Opposition has failed Syrian people, says outgoing leader Burhan Ghalioun
The head of Syria’s main opposition bloc, Burhan Ghalioun, admitted after resigning Thursday that the Syrian National Council (SNC) was riven with divisions and has not lived up to Syrians’ sacrifices.
“We were not up to the sacrifices of the Syrian people. We did not answer the needs of the revolution enough and quickly enough,” Ghalioun told AFP, adding that the bloc was split between Islamists and secular activists.
The Paris-based academic said he resigned because “he did not want to be the candidate of division” within the SNC and “to say that this path of divisions between Islamist and secular does not work.”
Ghalioun said the SNC’s slowness was down to the consensual way it was run.
“The current formula is a coalition formula of a few parties and political groups that monopolize decisions and don’t give any chance to members to really take part in decisions, that’s what caused a lot of inertia,” he said.
“We were slow, the revolution goes at 100 kilometers per hour and we move at 100 meters per hour perhaps because we were blocked by this consensus rule,” he said.
More than 12,600 people, the majority of them civilians, have died since the Syrian uprising began, according to the London-based Syrian Observatory for Human Rights, including nearly 1,500 since the putative UN-backed truce took effect April 12.
Ghalioun, formally resigned from his post, a statement issued by the Syrian National Council said Thursday after a two-day meeting in Istanbul.
Ghalioun, a secular sociologist backed by the Brotherhood, announced his resignation on May 17 to avert divisions within the opposition bloc, after activists on the ground accused him of monopolizing power.
The statement also said Syria’s unwillingness to stick to a peace deal brokered by U.N.-Arab League envoy Kofi Annan and the continuing shelling and killing in the country were “a deliberate attempt to scupper the plan.”
It called on “the international community to immediately act to adopt a new mechanism, through the (U.N.) Security Council, to force the Syrian regime to put an end to its crimes because as it is this regime only reacts to force.”
Squabbling in the council has undermined international support for the opposition, as a military crackdown against the 14-month revolt against President Bashar al-Assad, now coupled with an armed insurgency against his rule, shows no signs of relenting.
A new leader could be key to winning international recognition for the council and allaying Western concerns about the rise of Islamists as the main force in the 14-month popular uprising.
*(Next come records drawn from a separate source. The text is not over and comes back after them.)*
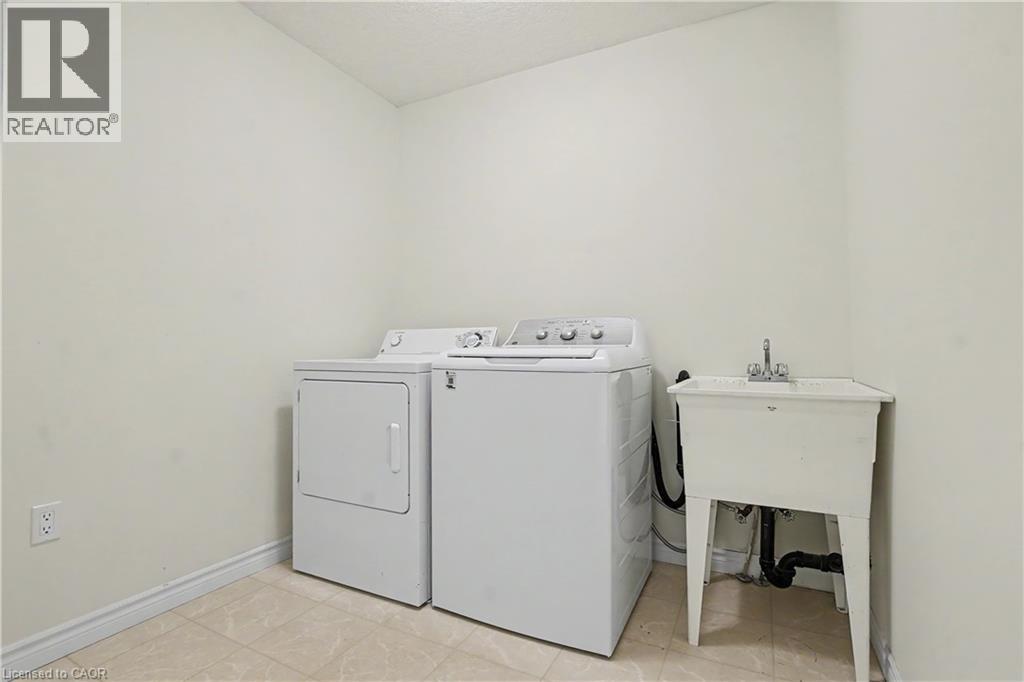 619 Wild Ginger Avenue Unit# C16, Waterloo, Ontario  N2V 2X1 - Photo 17 - 40831534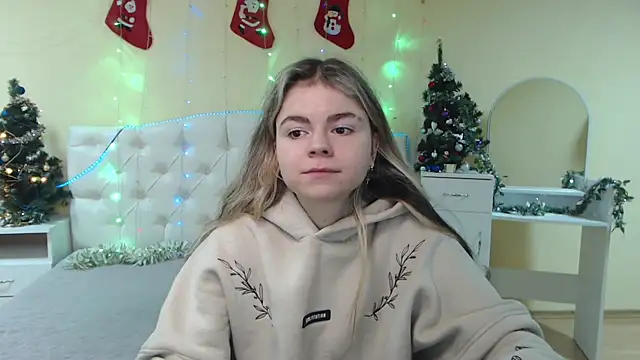 TinaRedly online show from 12/21/24, 06:30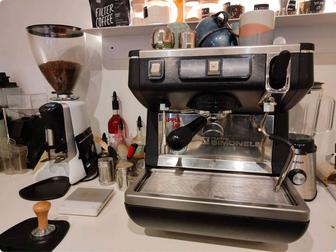 Кофемашина Nuova Simonelli Appia Life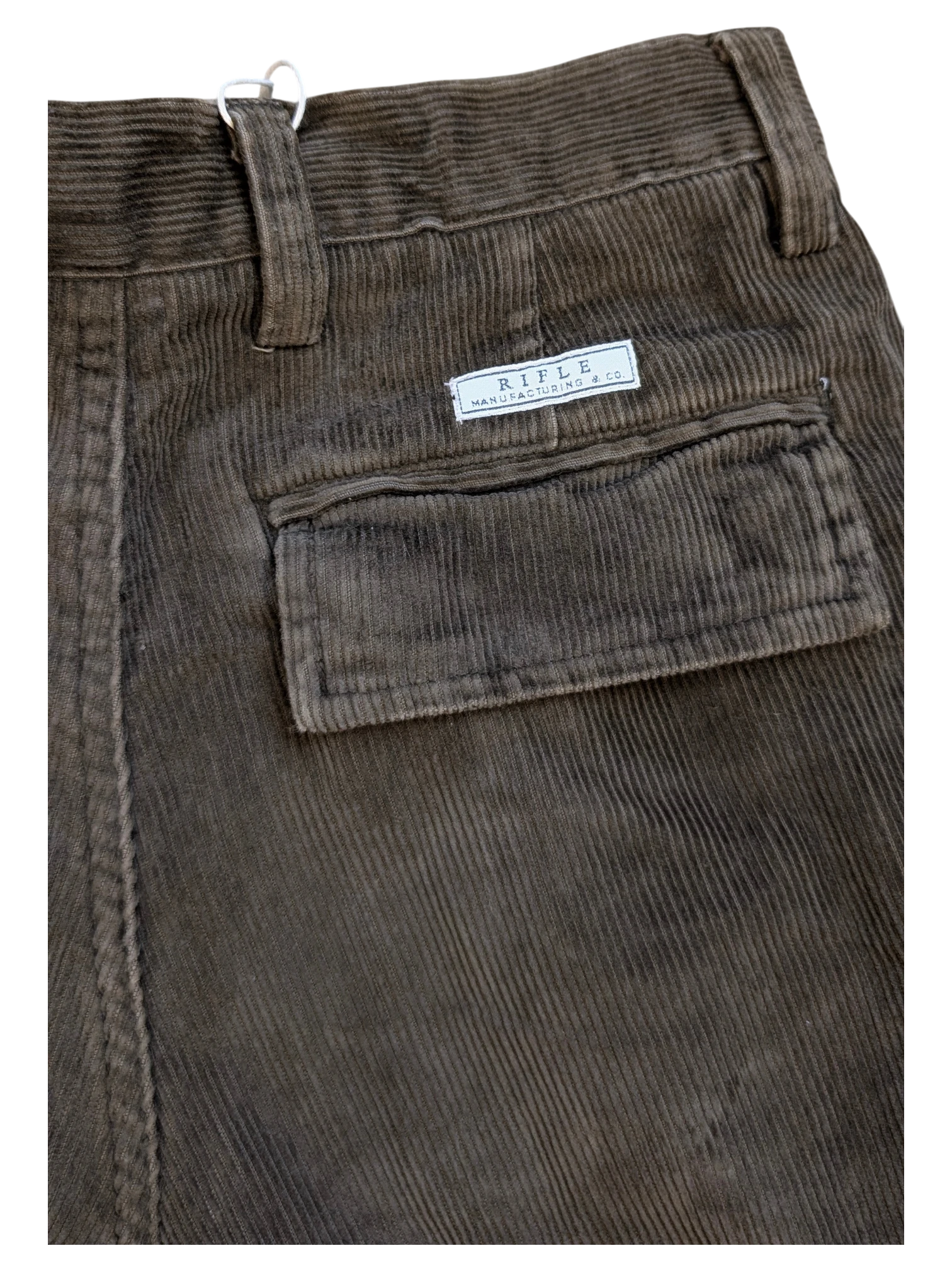JAKE & IPI RIFLE corduroy cargo pants in brown with a rear pocket and belt loops.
The Islamists already dominate the council but are divided between the Muslim Brotherhood and other factions.
The council’s executive bureau decided at a meeting in Istanbul to convene the 50-member general secretariat in the Turkish capital on June 11 and 12 to elect a replacement for Ghalioun, the statement added, according to Reuters.
Opposition activists last week had spoken of the “deteriorating situation in the SNC” when the Local Coordination Committees (LCC), a network of activists on the ground in Syria, threatened on Thursday to pull out of opposition bloc the Syrian National Council over its “monopolization” of power.
“The deteriorating situation in the SNC is an impetus for us to take actions, which could begin with a freeze (of LCC membership in the SNC) and end with a withdrawal if errors are not solved and demands for reform go unmet,” the LCC said in a statement.
These “errors” were “a total absence of consensus between the SNC’s vision and that of the revolutionaries”; “a marginalization of most (LCC) representatives”; and “a monopolization of decision-making by influential members of the executive bureau.”
The SNC was particularly criticized for not sufficiently coordinating with activists on the ground, and for the strong influence wielded by Syrian Muslim Brotherhood representatives.
Ghalioun, who is a professor and lives in Paris, was not new to Syrian uprisings; in fact he returned to the scene in 2011 picking up from where he left off.
Ten years ago, he participated in the Damascus Spring, a period of intense political debate after the death of President Hafez al-Assad, in June 2000, and which continued to some degree until autumn 2001, when most of the activities associated with it were suppressed by the government.